» **What needs to be done**
Set the records down again. Match every line exactly.

» **Data for this exercise**
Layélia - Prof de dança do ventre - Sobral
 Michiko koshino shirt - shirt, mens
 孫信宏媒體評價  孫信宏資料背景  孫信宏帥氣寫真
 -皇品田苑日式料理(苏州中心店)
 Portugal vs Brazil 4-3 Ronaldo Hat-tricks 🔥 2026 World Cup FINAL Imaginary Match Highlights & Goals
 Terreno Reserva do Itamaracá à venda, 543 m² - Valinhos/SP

» **The completed task**
Layélia - Prof de dança do ventre - Sobral
 Michiko koshino shirt - shirt, mens
 孫信宏媒體評價  孫信宏資料背景  孫信宏帥氣寫真
 -皇品田苑日式料理(苏州中心店)
 Portugal vs Brazil 4-3 Ronaldo Hat-tricks 🔥 2026 World Cup FINAL Imaginary Match Highlights & Goals
 Terreno Reserva do Itamaracá à venda, 543 m² - Valinhos/SP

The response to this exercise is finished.